All of which begs the question: who is this guy--this guy who 12 years ago was a commercial dead man, with more than $1 million less than nothing?

From his perch atop Tulsa's tallest building, Bartmann can overlook the downtown skyline with the knowledge that he is, quite literally, atop everyone else in the city. This morning he's just off the phone with an employee who wanted permission to hold an office meeting on Sunday. "In'nat cool?" says the newly minted billionaire, his small frame all coiled energy as he struts ramrod straight into the glassy boardroom. "She wants to work on a Sunday!"

A high school dropout from Iowa who left his impoverished home at age 14, Bartmann exudes a sort of look-what's-become-of-this-kid giddiness--an effect that's accentuated by his slight lisp. Today he's clad in jeans, Nike Airs, and a camp-counselor T-shirt. He doesn't much look the part of a multibillionaire. True, he goes home to a 20-acre estate with a driving range, and two off-duty policemen stand watch there around the clock. And true, he's able to declare that he has "enough money that if I set it all on fire, I'd be dead before it went out." But he doesn't really reinforce F. Scott Fitzgerald's observation that the very rich are different from you and me. Bill Bartmann isn't different because he's rich.

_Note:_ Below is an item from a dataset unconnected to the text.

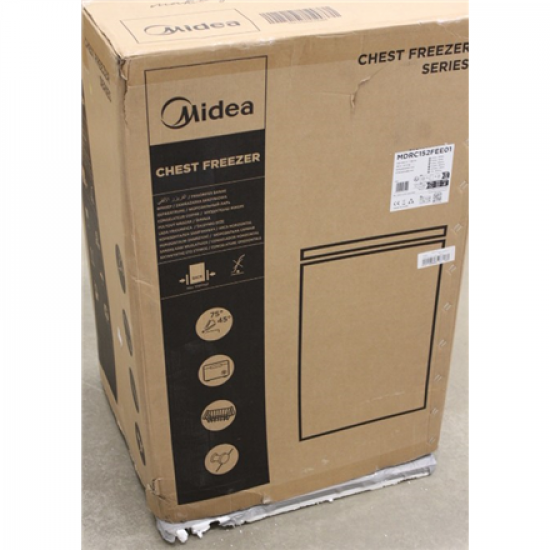 SALE OUT. | Midea Freezer | MDRC152FEE01 | Energy efficiency class E | Chest | Free standing | Height 85 cm | Total net capacity 99 L | White | DAMAGED PACKAGING, DENTED FRONT, RIGHT, BOTTOM SIDE AND CORNER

He's rich because he's different.

The Comeback.
The bank president looked puzzled. "Gee, Bill," he finally said, "this is the most unusual request. What would I tell my board of directors?"

It was 1986, and following Bartmann's back-roads trip to the Tulsa FDIC, he had walked into the American Bank of Muskogee, which he already owed $1 million, and requested another $13,000--with which, he declared, he was going to buy bad loans. "That was a tough sell," Bartmann remarks with considerable understatement. "I was scared to death. Would they even talk to me? Would they be polite? Would I be escorted out by a guard?" To his relief, he was greeted cordially. And in what must have been a bravura performance, he wheedled the money out of the bank.

Bartmann collected $64,000 from that first $13,000 portfolio of bad loans--a tidy 400% return. He did it alone, using the telephone on his kitchen table. Returning victorious to the bank president, Bartmann made an even bolder proposition: He wanted to borrow another $100,000 to buy a larger package of FDIC loans. He'd pocket $20,000 of the collections to cover his expenses and put the rest toward paying down his bank debt. Impressed with Bartmann's earnestness, the banker consented. Several months later Bartmann returned with $204,000 in hand and asked if the bank would fund the purchase of yet a larger package. And so it went.

To continue collecting others' debts, however, he had to fight a rear-guard action against the repercussions of his own. One of Hawkeye Pipe's commercial creditors, Maverick Tube Corp., filed a petition to force him into involuntary bankruptcy. Bartmann resisted. "I said, 'Bullshit, I owe this money. I'm not bankrupt, by God, I'm broke." But Maverick pressed its case, anyway.